Put another way what is the equivalent of open("tfmodel.pte", "wb").write(.exir.capture().to_edge().to_executorch().buffer) when using torch.export?
Thanks
@adonnini
Let me know if this answers your question.
Hi @kimishpatel thanks for the response. I did save the model exported with torch.export without any problems. And, I did read the examples and related tutorials (several times).
Unfortunately, exir.capture does not work for me. As you can see from the traceback I posted in my message yesterday (please see above).
I also tried to load a saved model (and its dictionary) and then use it as one of the arguments for exir.capture. It failed with the traceback below.
torch.export works with a saved model.
I cannot see from the traceback above what causes the exir.capture failure. What do you think? What should I do next ?
File "/home/adonnini1/Development/ContextQSourceCode/NeuralNetworks/trajectory-prediction-transformers-master/train.py", line 334, in <module>
print(exir.capture(model_loaded, (VAL_INPUT, DEC_INPUT, DEC_SOURCE_MASK, DEC_TARGET_MASK)).to_edge())

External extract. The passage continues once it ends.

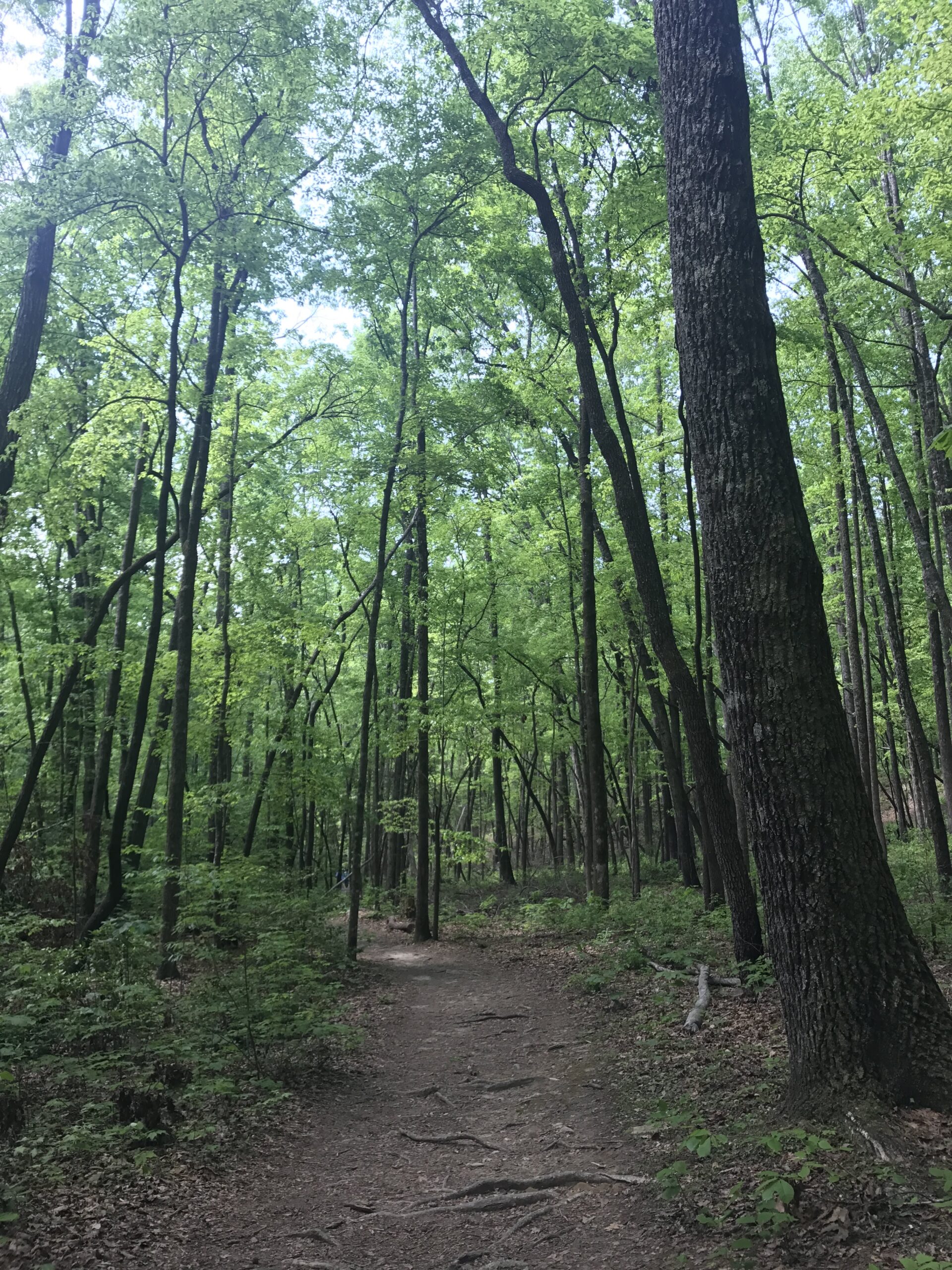yellow branch falls trail sc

File "/home/adonnini1/Development/ContextQSourceCode/NeuralNetworks/trajectory-prediction-transformers-master/executorch/exir/program/_program.py", line 168, in to_edge
return _to_edge(self, config)
File "/home/adonnini1/Development/ContextQSourceCode/NeuralNetworks/trajectory-prediction-transformers-master/executorch/exir/program/_program.py", line 283, in _to_edge
EXIRATenDialectVerifier()(ep.exported_program.graph_module)
File "/home/adonnini1/anaconda3/lib/python3.9/site-packages/torch/_export/verifier.py", line 58, in __call__
self.check_valid(gm)
File "/home/adonnini1/anaconda3/lib/python3.9/site-packages/torch/_export/verifier.py", line 117, in check_valid
self.check_valid_op(node.target)
File "/home/adonnini1/anaconda3/lib/python3.9/site-packages/torch/_export/verifier.py", line 166, in check_valid_op
raise SpecViolationError(
torch._export.verifier.SpecViolationError: Operator torch._ops.aten.detach.default is not Aten Canonical.
oh seems like aten.detach is not considered core op. For now make this, https://github.com/pytorch/executorch/blob/main/exir/capture/_config.py#L34, False. And try again. Note that you can pass it also via config to to_edge. cc: @guangy10
I made the change you suggested. Now the code fails with the following error:
Traceback (most recent call last):
File "/home/adonnini1/anaconda3/lib/python3.9/site-packages/torch/fx/passes/infra/pass_manager.py", line 270, in __call__
res = fn(module)
File "/home/adonnini1/anaconda3/lib/python3.9/site-packages/torch/fx/passes/infra/pass_base.py", line 41, in __call__
self.ensures(graph_module)
File "/home/adonnini1/Development/ContextQSourceCode/NeuralNetworks/trajectory-prediction-transformers-master/executorch/exir/passes/__init__.py", line 311, in ensures
raise RuntimeError(f"Missing out variants: {self.missing_out_vars}")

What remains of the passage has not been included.